Сократ. У него, видно, совсем нет того, что мы ищем. Он стремится к тому, чтобы его рассуждение плыло не с начала, а с конца, на спине назад. Он начинает с того, чем кончил бы влюбленный свое объяснение с любимцем. Или я не прав, милый ты мой Федр?
b
Федр. Действительно, Сократ, то, о чем он здесь говорит, это – заключение речи.
Сократ. А остальное? Не кажется ли, что все в этой речи набросано как попало? Разве очевидно, что именно сказанное во-вторых, а не другие высказывания должно непременно занимать второе место? Мне, как невежде, показалось, что этот писатель отважно высказывал все, что ему приходило в голову. Усматриваешь ли ты какую-нибудь необходимость для сочинителей располагать все в такой последовательности, как у Лисия?
c
Федр. Ты слишком любезен, если думаешь, что я способен так тщательно разобрать все особенности его сочинения.
Сократ. Но по крайней мере вот что ты мог бы сказать: всякая речь должна быть составлена, словно живое существо, – у нее должно быть тело с головой и ногами, причем туловище и конечности должны подходить друг другу и соответствовать целому.
Федр. Как же иначе?
Сократ. Вот и рассмотри, так ли обстоит с речью твоего приятеля или иначе. Ты найдешь, что она ничем не отличается от надписи, которая, как рассказывают, была на гробнице фригийца Мидаса[61].
d
Федр. А какая это надпись и что в ней особенного?
Сократ. Она вот какова:
Медная девушка я, на гробнице Мидаса покоюсь.
Воды доколе текут и пышно древа расцветают,
Я безотлучно пребуду на сей многослезной могиле,
Мимо идущим вещбя, что здесь Мидас похоронен.
e
Ты, я думаю, заметил, что тут все равно, какой стих читать первым, какой последним.
Федр. Ты высмеиваешь нашу речь, Сократ?
Сократ. Так оставим ее, чтобы тебя не сердить, хотя, по-моему, в ней есть много примеров, на которые было бы полезно обратить внимание, но пытаться подражать им не очень-то стоит. Перейдем к другим речам. В них было, мне кажется, нечто такое, к чему следует присмотреться тем, кто хочет исследовать красноречие.
265
Федр. Что ты имеешь в виду?
Сократ. Эти две речи были противоположны друг другу. В одной утверждалось, что следует угождать влюбленному, в другой – что невлюбленному.
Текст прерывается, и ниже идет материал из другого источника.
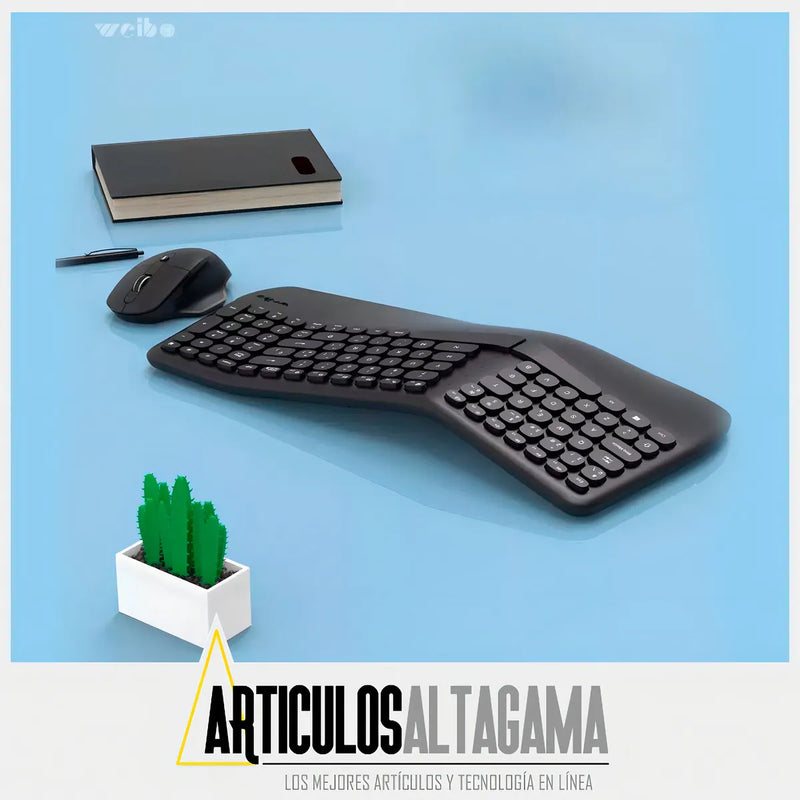 Combo Teclado Y Mouse Ergonomicos Inalambrico Weibo Wb-218 Mouse Negro Teclado Negro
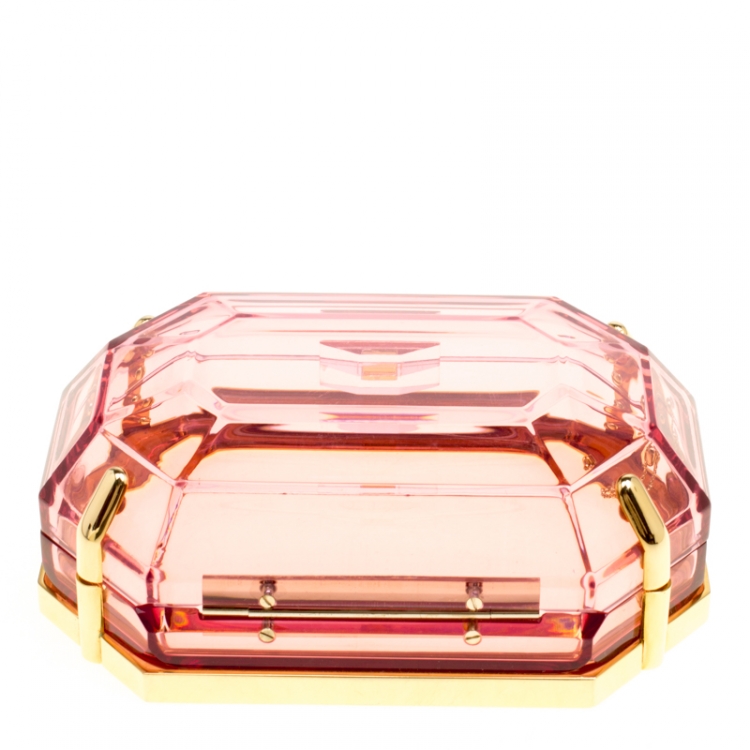 Pre Owned Charlotte Olympia Pink Perspex A Girl's Best Friend Clutch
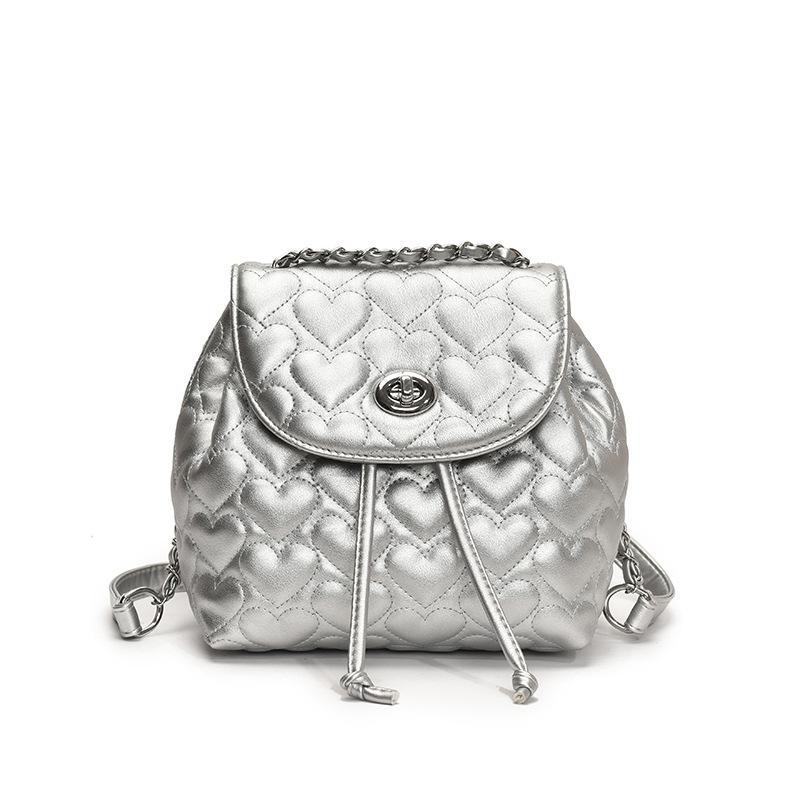 2025 New Korean Version Xiaoxiangfeng Love Grid Embroidered Thread Small Backpack Fashion Leisure Commuting Versatile Chain Backpack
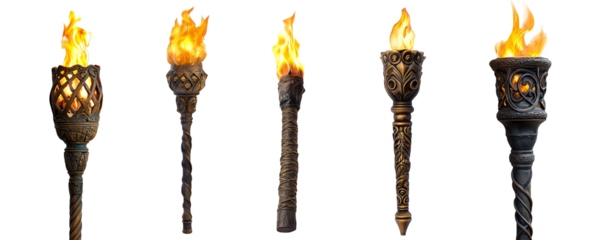 Ornate flaming torches in medieval style detailed and decorative lighting transparent background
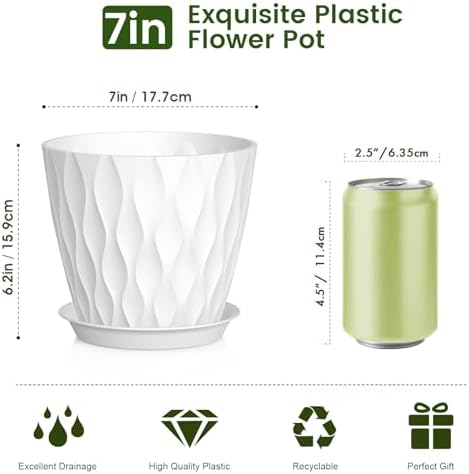 Meowell 7 inch Plant Pots for Indoor Outdoor Plants, 5 Pack Thick Nursery Pots with Drainage Holes and Saucers, 3D Modern Wave Texture Plastic Planter Pots for Flowers and House Plants, White - Image 2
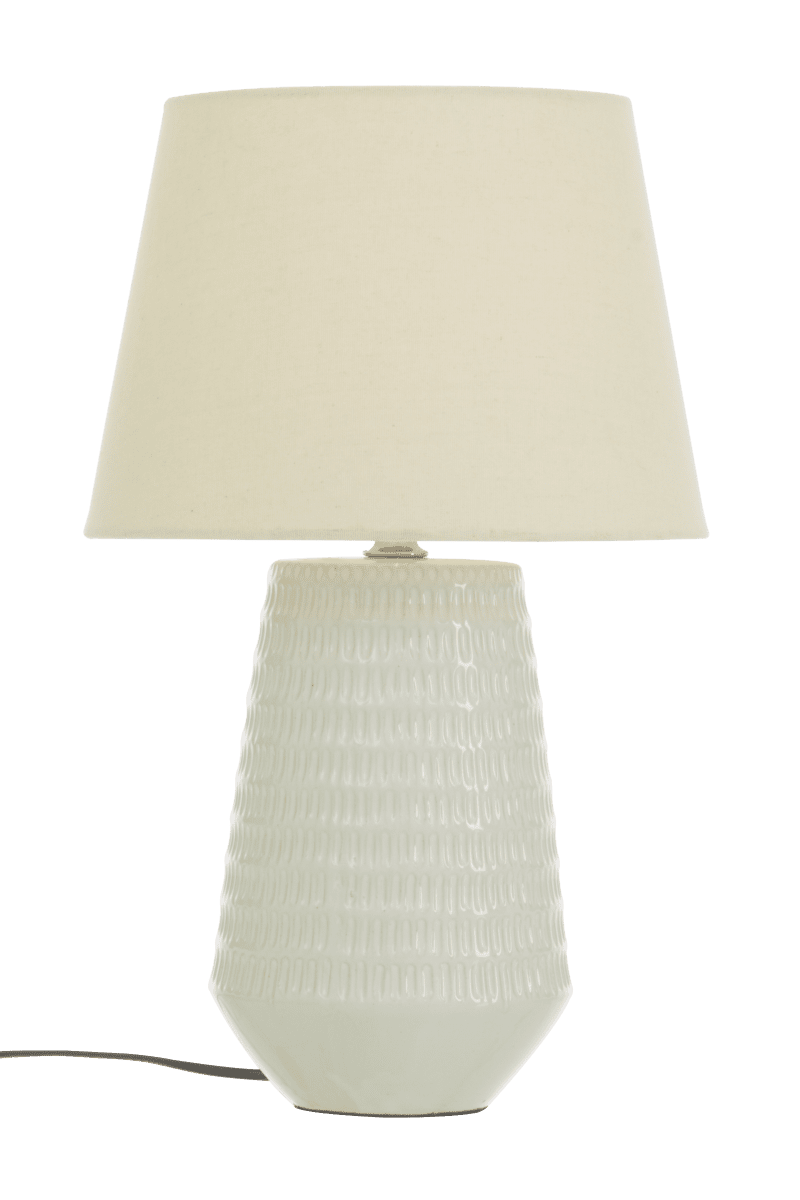 Mona 45cm Hvid bordlampe Fra Aneta Lighting - Mona bordlampe er en stilfuld og tidløs lampe med en hvid keramisk base og en matchende hvid tekstilskærm.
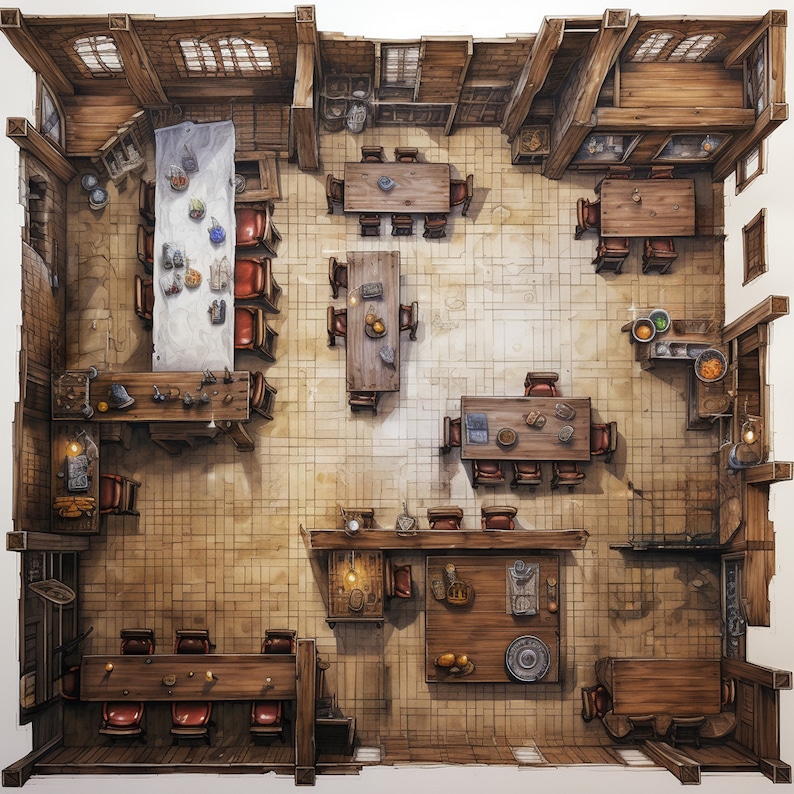 Cartes de bataille de taverne, lot de plus de 250 cartes de bataille de jeu de rôle détaillées, Donjons et dragons, cartes RPG, diverses cartes RPG de taverne image 8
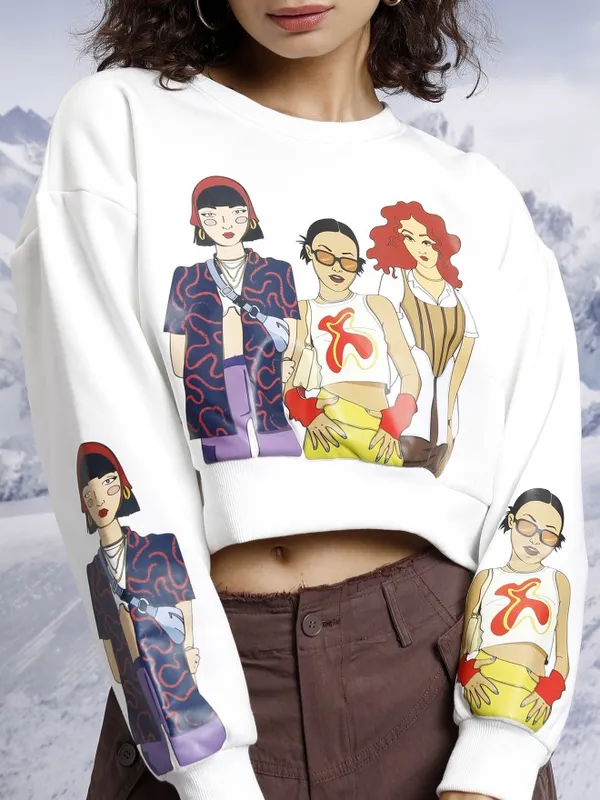  Tokyo Talkies Women White Printed Pullover Round Neck Sweatshirts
Федр. И очень решительно утверждалось.
Сократ. Я думал, ты скажешь «неистово» – это было бы правдой, как раз этого я и добивался: ведь мы утверждали, что любовь есть некое неистовство. Не так ли?
Федр. Да.
Сократ. А неистовство бывает двух видов: одно – следствие человеческих заболеваний, другое же – божественного отклонения от того, что обычно принято.
b
Федр. Конечно, так.
Сократ. Божественное неистовство, исходящее от четырех богов, мы разделили на четыре части: вдохновенное прорицание мы возвели к Аполлону, посвящение в таинства – к Дионису, творческое неистовство – к Музам, четвертую же часть к Афродите и Эроту – и утверждали, что любовное неистовство всех лучше. Не знаю, как мы изобразили любовное состояние: быть может, мы коснулись чего-то истинного, а возможно, и уклонились в сторону, но, добавив не столь уж неубедительное рассуждение, мы с должным благоговением прославили в сказочном гимне моего и твоего, Федр, владыку Эрота, покровителя прекрасных юношей.
c
Федр. Слушать мне было наслаждение!
Сократ. Одно постараемся из этого понять – как могло наше рассуждение от порицания перейти к похвале.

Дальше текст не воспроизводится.